Caminhando na direção oposta, os soldados pareciam exatamente uma unidade ucraniana saindo de Pokrovsk após 15 dias de permanência.

Eles usavam as mesmas braçadeiras azuis e o mesmo equipamento. Um dos quatro homens disse olá.

Mas alguns minutos depois, um aviso veio pelo rádio. “Tenha cuidado, há um grupo de infiltrados russos na sua área.”

“Passamos direto por eles”, diz Ivan, um metralhador de 21 anos da unidade de sistemas não tripulados do Wolves Da Vinci. “Os homens que vi correspondiam exatamente à descrição.”

Em Pokrovsk, as linhas que dividiam a guerra urbana tornaram-se confusas. No seu lugar existe uma névoa de suspeita, terror e caos, com pequenos grupos de infiltrados russos entrelaçados com as forças de defesa ucranianas.

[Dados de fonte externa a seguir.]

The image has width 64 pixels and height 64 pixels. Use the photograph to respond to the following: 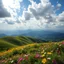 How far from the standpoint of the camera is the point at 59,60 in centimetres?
636

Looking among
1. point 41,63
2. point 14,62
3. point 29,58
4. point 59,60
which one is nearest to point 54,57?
point 59,60

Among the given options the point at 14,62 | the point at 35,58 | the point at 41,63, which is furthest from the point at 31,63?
the point at 14,62

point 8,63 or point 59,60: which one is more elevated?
point 59,60

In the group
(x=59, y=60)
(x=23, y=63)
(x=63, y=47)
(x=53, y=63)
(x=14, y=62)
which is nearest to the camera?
(x=53, y=63)

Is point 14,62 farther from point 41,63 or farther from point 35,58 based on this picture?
point 41,63

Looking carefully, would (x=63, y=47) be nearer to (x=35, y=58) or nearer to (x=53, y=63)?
(x=35, y=58)

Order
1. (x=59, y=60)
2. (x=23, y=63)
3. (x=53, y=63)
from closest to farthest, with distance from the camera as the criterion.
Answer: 1. (x=53, y=63)
2. (x=59, y=60)
3. (x=23, y=63)

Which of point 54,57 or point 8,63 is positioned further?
point 8,63

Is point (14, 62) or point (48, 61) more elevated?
point (48, 61)

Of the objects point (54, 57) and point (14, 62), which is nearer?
point (54, 57)

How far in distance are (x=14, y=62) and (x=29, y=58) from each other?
1.60m

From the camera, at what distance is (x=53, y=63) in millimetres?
5953

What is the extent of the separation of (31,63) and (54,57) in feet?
3.72

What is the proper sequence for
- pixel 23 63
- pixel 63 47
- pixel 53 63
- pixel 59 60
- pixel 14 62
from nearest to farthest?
pixel 53 63 → pixel 59 60 → pixel 23 63 → pixel 14 62 → pixel 63 47
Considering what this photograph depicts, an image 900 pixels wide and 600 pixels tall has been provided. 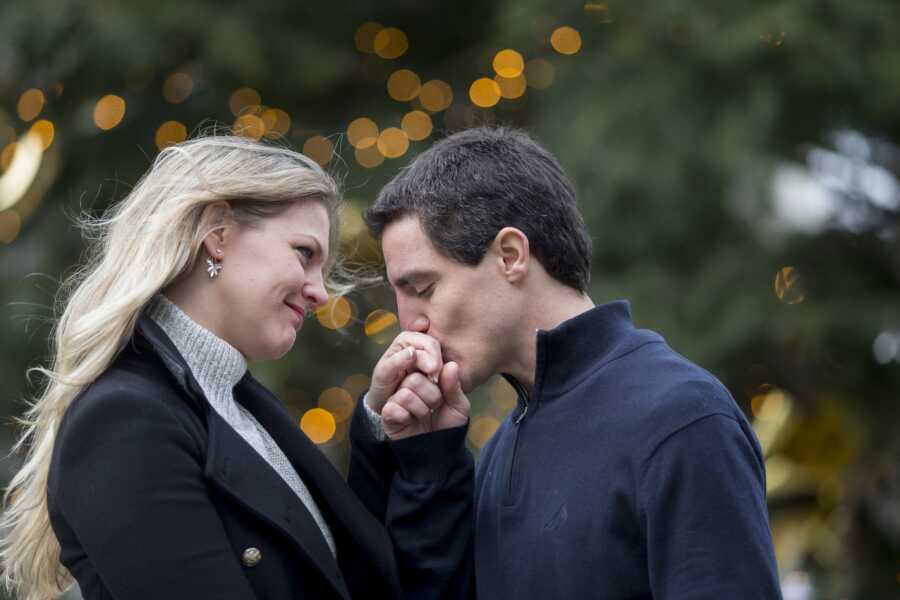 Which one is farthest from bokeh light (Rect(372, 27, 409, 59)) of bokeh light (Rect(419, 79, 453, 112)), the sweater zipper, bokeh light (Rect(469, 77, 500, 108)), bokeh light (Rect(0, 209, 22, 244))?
the sweater zipper

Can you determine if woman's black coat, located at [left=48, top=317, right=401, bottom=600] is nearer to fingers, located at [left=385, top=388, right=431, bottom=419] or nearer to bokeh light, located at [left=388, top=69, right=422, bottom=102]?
fingers, located at [left=385, top=388, right=431, bottom=419]

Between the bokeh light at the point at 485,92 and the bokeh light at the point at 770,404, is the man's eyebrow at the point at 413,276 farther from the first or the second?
the bokeh light at the point at 485,92

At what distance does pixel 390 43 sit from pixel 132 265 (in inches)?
168

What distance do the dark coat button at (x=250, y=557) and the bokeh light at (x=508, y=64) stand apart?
405cm

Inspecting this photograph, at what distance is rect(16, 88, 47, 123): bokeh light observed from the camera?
575 cm

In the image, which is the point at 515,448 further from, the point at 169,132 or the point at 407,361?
the point at 169,132

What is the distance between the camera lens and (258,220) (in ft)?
7.73

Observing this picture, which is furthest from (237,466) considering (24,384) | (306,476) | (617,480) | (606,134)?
(24,384)

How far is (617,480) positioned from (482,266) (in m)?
0.51

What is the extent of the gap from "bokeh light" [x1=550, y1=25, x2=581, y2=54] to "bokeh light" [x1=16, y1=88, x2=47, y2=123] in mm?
2252

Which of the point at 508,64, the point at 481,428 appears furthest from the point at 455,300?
the point at 508,64

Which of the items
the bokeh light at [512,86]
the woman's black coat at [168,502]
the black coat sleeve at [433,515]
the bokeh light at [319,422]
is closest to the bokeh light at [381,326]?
the bokeh light at [319,422]

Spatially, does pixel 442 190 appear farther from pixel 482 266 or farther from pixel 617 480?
pixel 617 480

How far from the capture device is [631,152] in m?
5.11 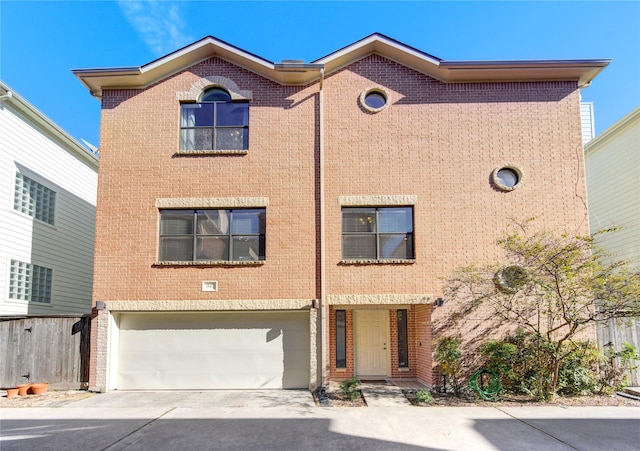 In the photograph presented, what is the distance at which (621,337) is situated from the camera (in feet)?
33.5

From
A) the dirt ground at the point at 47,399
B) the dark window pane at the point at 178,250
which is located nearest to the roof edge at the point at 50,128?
the dark window pane at the point at 178,250

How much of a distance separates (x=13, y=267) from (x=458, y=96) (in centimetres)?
1359

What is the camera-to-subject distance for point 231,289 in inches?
428

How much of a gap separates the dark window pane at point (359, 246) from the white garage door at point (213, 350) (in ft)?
6.41

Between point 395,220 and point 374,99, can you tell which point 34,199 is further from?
point 395,220

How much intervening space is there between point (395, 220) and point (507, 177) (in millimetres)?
3194

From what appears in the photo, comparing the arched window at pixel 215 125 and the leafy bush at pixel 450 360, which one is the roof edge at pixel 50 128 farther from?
the leafy bush at pixel 450 360

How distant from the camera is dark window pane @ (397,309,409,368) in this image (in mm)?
12242

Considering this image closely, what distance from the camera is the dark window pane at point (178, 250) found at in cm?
1116

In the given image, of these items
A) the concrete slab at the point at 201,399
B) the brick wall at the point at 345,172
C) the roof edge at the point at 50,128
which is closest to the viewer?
the concrete slab at the point at 201,399

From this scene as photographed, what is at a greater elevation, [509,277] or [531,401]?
[509,277]

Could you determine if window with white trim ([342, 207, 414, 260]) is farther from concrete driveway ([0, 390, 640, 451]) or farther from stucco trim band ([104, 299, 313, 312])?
concrete driveway ([0, 390, 640, 451])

Os russos passam pelas brechas na linha de frente, vestidos com roupas civis ou andando de bicicleta. Drones dominam o céu. No entanto, os soldados ucranianos reviveram o costume bíblico de Shibboleth em seus abrigos – um slogan difícil de ser pronunciado pelos espiões russos.

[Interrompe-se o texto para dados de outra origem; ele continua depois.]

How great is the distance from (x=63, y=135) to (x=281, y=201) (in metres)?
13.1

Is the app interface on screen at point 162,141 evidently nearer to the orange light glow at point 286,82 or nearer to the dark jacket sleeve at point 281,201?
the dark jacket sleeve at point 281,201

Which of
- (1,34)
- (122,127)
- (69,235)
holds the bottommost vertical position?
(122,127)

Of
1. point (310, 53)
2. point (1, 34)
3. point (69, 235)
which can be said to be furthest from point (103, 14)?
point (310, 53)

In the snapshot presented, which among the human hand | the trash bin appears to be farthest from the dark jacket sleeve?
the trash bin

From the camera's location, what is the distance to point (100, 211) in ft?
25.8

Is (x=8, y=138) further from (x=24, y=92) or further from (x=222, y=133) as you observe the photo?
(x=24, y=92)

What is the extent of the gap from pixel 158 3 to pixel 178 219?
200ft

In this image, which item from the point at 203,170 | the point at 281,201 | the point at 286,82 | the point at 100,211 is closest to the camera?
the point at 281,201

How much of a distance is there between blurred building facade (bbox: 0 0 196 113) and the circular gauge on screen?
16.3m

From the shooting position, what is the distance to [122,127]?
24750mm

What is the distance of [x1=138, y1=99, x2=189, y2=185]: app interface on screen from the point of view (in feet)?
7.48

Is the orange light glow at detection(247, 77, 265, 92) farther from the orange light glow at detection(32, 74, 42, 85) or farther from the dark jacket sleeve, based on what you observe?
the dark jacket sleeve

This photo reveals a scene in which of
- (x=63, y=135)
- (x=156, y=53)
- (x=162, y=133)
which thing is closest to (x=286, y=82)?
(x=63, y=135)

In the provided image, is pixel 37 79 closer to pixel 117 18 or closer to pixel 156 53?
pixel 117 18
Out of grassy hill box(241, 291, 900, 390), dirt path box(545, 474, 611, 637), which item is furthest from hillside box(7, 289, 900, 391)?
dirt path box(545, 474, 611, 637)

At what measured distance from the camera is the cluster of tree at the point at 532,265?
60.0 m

Na segunda-feira, Moscou disse ter capturado a cidade após 18 meses de guerra brutal. Kyiv nega esses relatórios. Mas mesmo que Pokrovsk ainda não tenha caído, é apenas uma questão de tempo.

Soldados russos posam com bandeiras após a captura de Pokrovsk – SERVIÇO DE IMPRENSA DO MINISTÉRIO DE DEFESA DA RÚSSIA/FOLHA/EPA/Shutterstock

Contudo, os estrategas militares tanto na Ucrânia como na NATO terão de se adaptar a um novo estilo de guerra urbana em que – tal como as térmitas – as forças atacantes devoram os defensores a partir do interior.

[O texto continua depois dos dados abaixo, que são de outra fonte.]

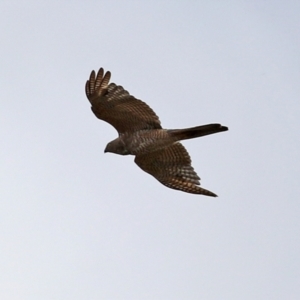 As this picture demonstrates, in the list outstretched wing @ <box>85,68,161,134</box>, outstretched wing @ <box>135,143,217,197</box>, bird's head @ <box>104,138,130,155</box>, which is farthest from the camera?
bird's head @ <box>104,138,130,155</box>

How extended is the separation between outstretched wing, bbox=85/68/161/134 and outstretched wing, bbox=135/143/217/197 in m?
0.71

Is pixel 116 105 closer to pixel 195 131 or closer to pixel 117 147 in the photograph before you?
pixel 117 147

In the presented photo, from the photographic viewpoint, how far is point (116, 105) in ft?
44.9

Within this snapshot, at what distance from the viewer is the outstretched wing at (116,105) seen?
13.5 m

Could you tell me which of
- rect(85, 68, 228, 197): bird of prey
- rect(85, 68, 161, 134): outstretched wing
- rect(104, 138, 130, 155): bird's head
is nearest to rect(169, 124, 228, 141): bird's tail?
rect(85, 68, 228, 197): bird of prey

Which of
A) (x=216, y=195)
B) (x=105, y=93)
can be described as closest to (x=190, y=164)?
(x=216, y=195)

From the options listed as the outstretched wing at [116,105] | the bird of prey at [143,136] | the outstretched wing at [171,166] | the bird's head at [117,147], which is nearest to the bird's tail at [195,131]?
the bird of prey at [143,136]

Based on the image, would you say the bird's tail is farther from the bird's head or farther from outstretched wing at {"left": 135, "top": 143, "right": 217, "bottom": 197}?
the bird's head

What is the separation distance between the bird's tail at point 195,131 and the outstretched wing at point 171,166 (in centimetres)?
59

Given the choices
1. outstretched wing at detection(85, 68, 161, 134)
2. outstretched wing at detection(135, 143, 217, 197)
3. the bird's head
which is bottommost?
outstretched wing at detection(135, 143, 217, 197)

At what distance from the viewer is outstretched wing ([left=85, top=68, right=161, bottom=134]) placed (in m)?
13.5

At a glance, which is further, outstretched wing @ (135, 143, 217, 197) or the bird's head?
the bird's head

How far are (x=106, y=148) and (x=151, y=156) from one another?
140 centimetres

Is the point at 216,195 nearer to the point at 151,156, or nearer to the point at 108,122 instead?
the point at 151,156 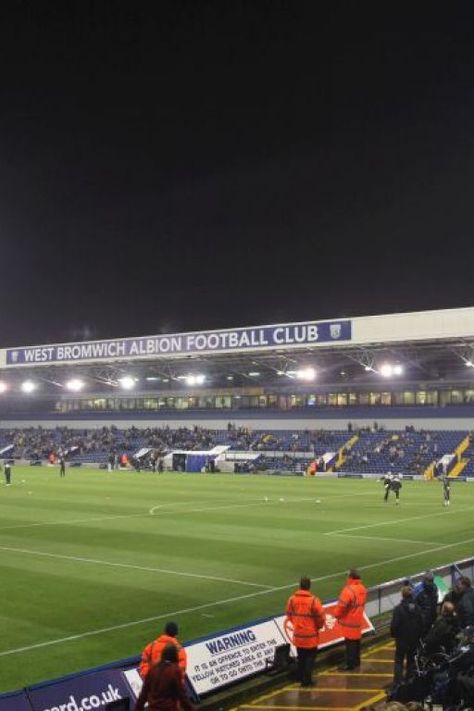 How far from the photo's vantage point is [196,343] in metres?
69.9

“Há um fenómeno de ‘desmecanização’ da guerra”, diz Emil Kastehelmi, analista do grupo finlandês Black Bird. Há dois anos, colunas de tanques e infantaria tentavam cercar Pokrovsk ou forçar as brigadas ucranianas a recuar, como aconteceu em Bakhmut.

Mas a guerra mudou. Atualmente, a proliferação de drones significa que qualquer concentração de forças deste tipo pode ser rapidamente destruída.

A estratégia de infiltração da Rússia

Em vez disso, os russos avançam em grupos de três a cinco, o que significa que “a linha da frente está a confundir-se”, diz Kastehelmi.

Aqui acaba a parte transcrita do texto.